# [Requirement]
Hand back the entries exactly as written, minus every picture.

Start of Dataset entries

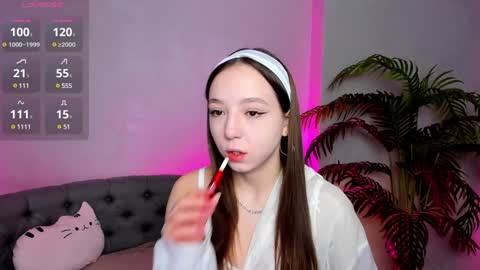 Snapshot of lovely_poppy chatting on 12-14-24, 03:29 Lolly online show from 12-14-24, 03:29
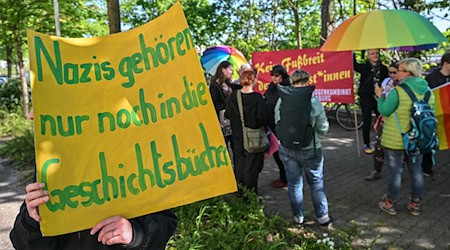 Protest in Cottbus gegen Rechtsextremismus an Schulen. (Archivbild) / Foto: Patrick Pleul/dpa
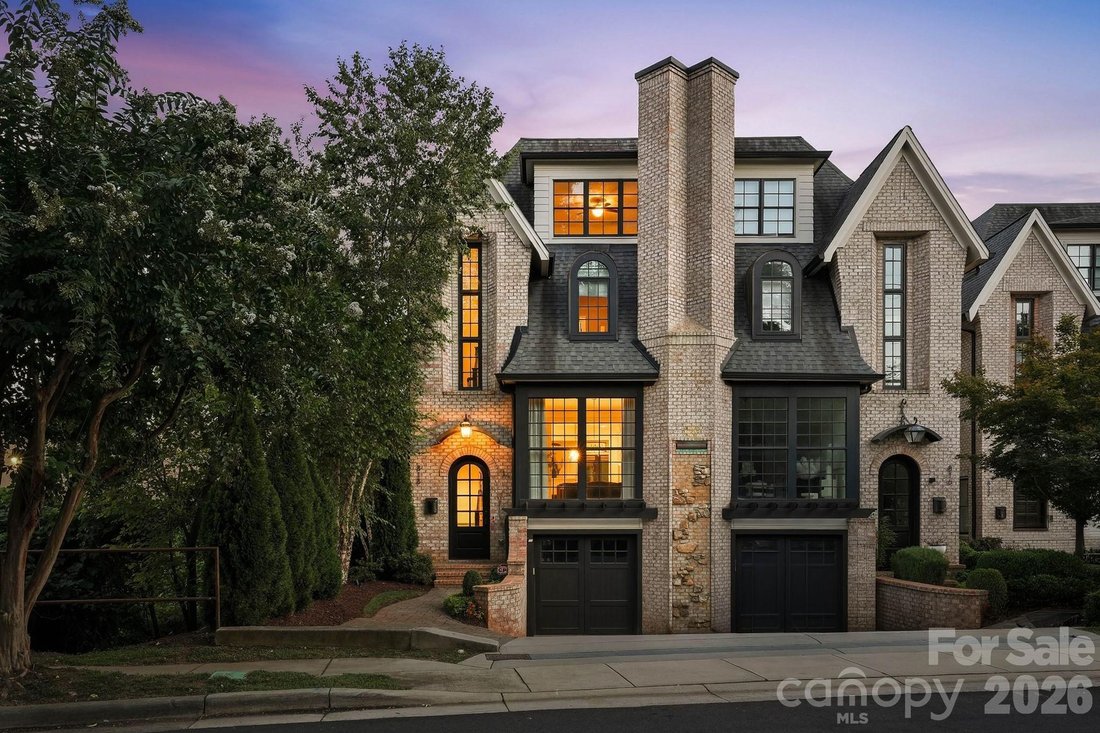 Villa in Charlotte, North Carolina, United States 1 - 18713418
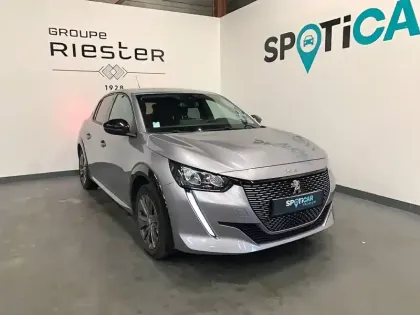 Photo 27 Peugeot 208  Electrique 50 kWh 136ch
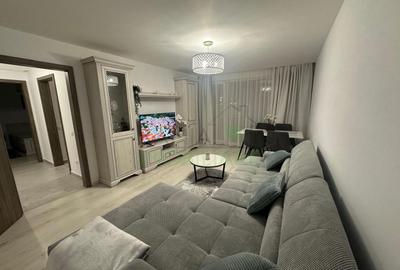 Apartament cu 2 camere decomandat, mobilat în Tractorul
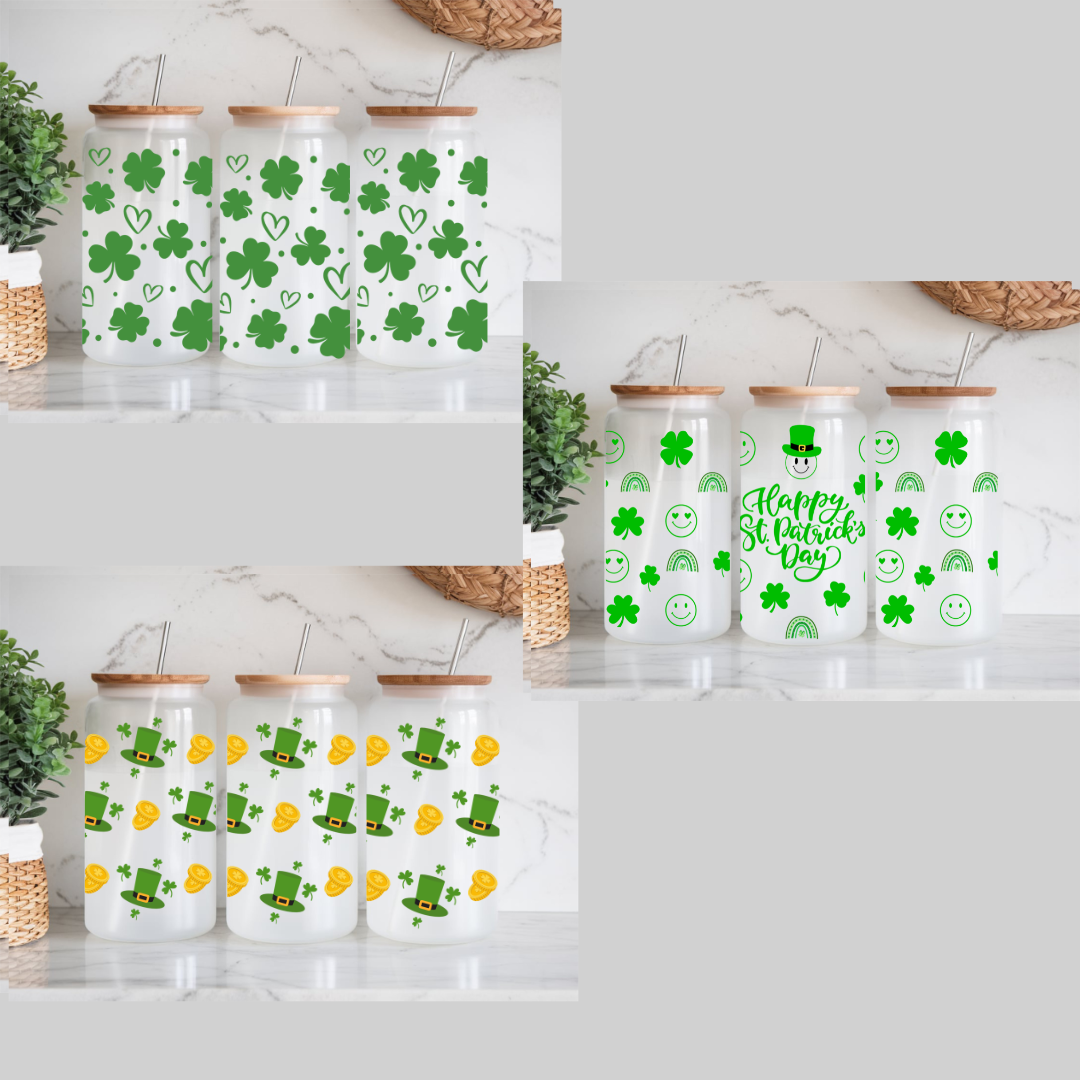 Fiche démontrant les différents modèles de verre à boissons froides avec couvercle de bambou et paille de verre avec design St-Patrick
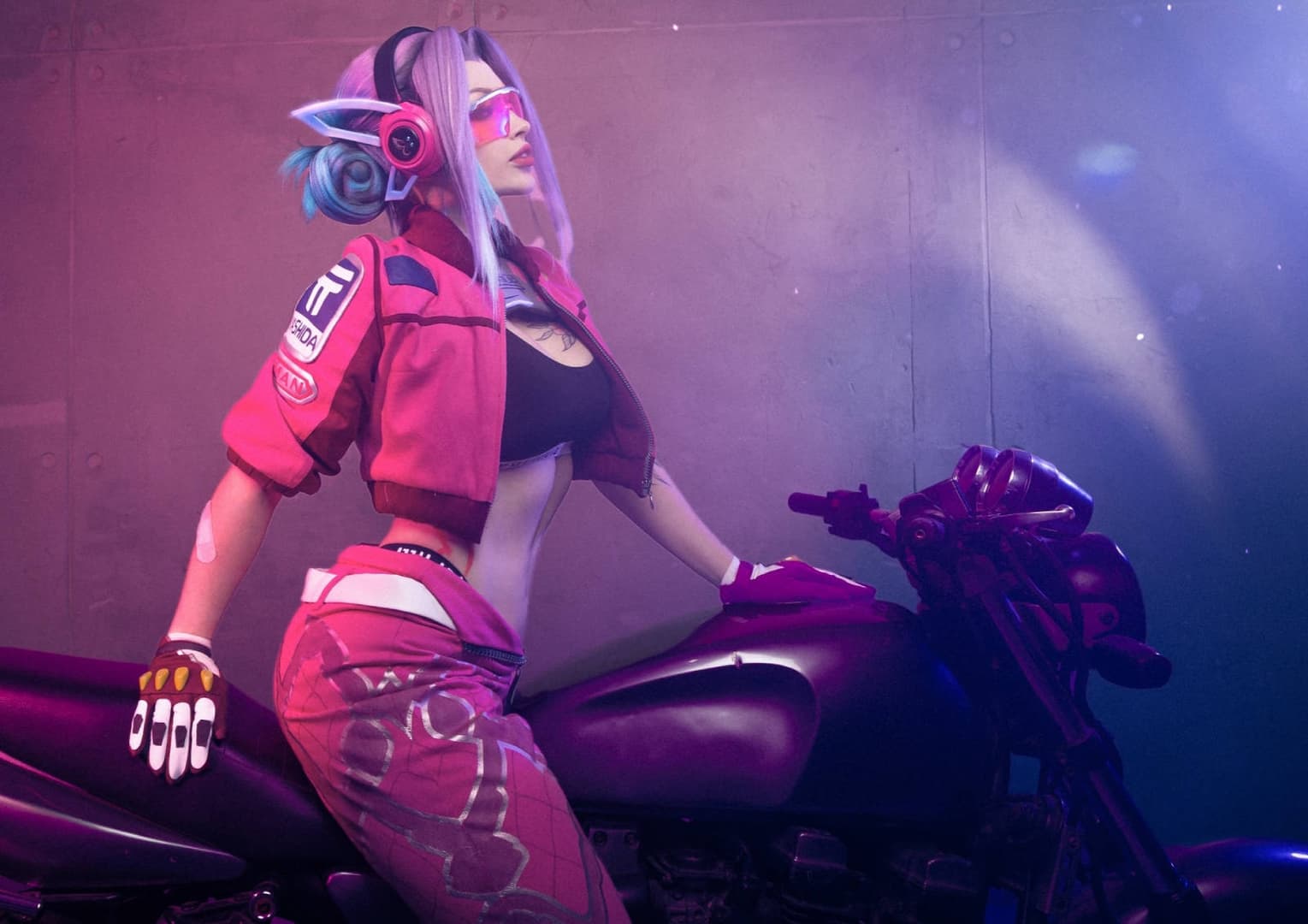 Поймай, если сможешь!»: модель продемонстрировала косплей Псайлок из Marvel Rivals в скине «Мимолётная бабочка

End of Dataset entries

# [Expected answer]
 Snapshot of lovely_poppy chatting on 12-14-24, 03:29 Lolly online show from 12-14-24, 03:29
 Protest in Cottbus gegen Rechtsextremismus an Schulen. (Archivbild) / Foto: Patrick Pleul/dpa
 Villa in Charlotte, North Carolina, United States 1 - 18713418
 Photo 27 Peugeot 208  Electrique 50 kWh 136ch
 Apartament cu 2 camere decomandat, mobilat în Tractorul
 Fiche démontrant les différents modèles de verre à boissons froides avec couvercle de bambou et paille de verre avec design St-Patrick
 Поймай, если сможешь!»: модель продемонстрировала косплей Псайлок из Marvel Rivals в скине «Мимолётная бабочка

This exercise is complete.